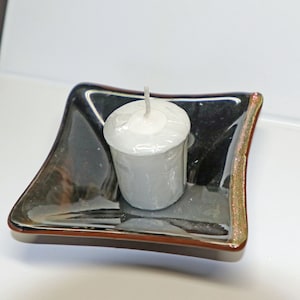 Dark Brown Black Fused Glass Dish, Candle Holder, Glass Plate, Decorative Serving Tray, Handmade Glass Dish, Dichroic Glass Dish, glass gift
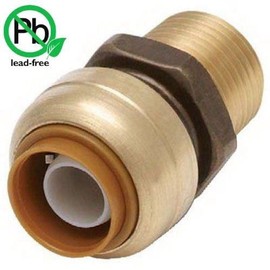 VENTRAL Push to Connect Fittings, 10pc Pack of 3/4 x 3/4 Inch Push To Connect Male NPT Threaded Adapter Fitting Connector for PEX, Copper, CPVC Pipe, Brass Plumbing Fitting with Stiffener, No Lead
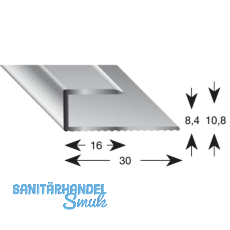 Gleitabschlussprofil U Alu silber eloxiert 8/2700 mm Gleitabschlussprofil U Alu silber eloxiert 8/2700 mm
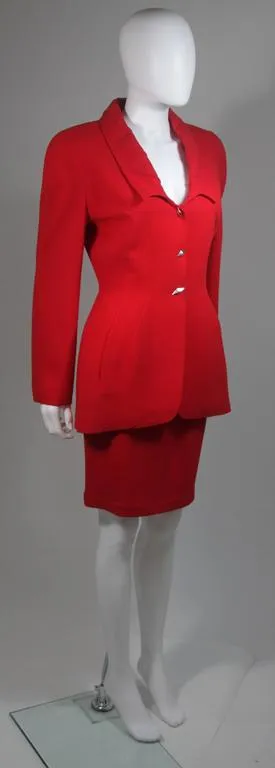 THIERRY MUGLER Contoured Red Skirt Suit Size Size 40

--

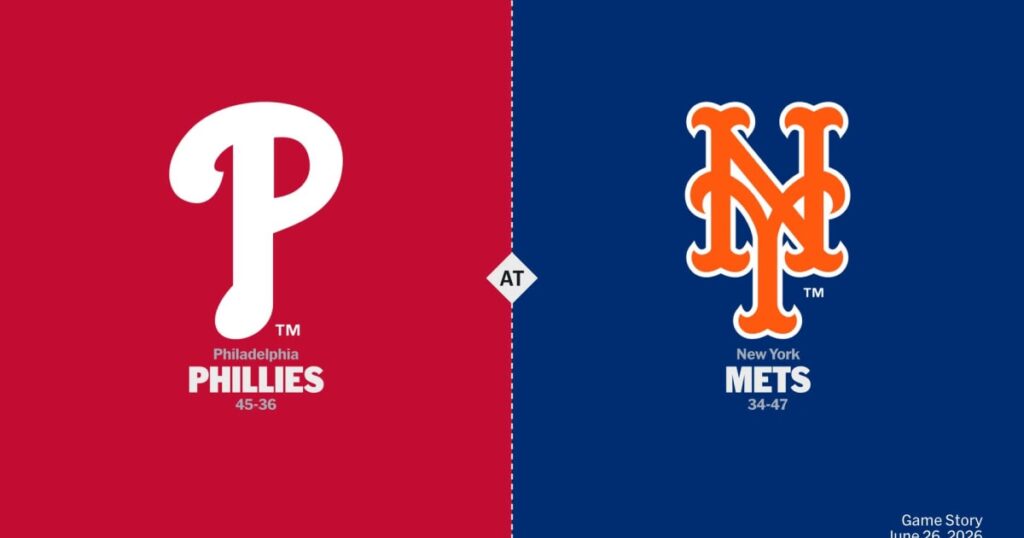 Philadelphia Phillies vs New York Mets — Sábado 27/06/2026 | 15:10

...

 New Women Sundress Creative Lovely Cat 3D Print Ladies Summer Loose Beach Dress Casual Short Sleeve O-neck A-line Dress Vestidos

**INSTRUCTIONS FOR THE TASK**.
Return the stretch of data that begins with the line showing "Dark Brown Black" and goes on through the line showing "THIERRY MUGLER Contoured", exactly, with pictures removed.

**YOUR RESPONSE**.
 Dark Brown Black Fused Glass Dish, Candle Holder, Glass Plate, Decorative Serving Tray, Handmade Glass Dish, Dichroic Glass Dish, glass gift
 VENTRAL Push to Connect Fittings, 10pc Pack of 3/4 x 3/4 Inch Push To Connect Male NPT Threaded Adapter Fitting Connector for PEX, Copper, CPVC Pipe, Brass Plumbing Fitting with Stiffener, No Lead
 Gleitabschlussprofil U Alu silber eloxiert 8/2700 mm Gleitabschlussprofil U Alu silber eloxiert 8/2700 mm
 THIERRY MUGLER Contoured Red Skirt Suit Size Size 40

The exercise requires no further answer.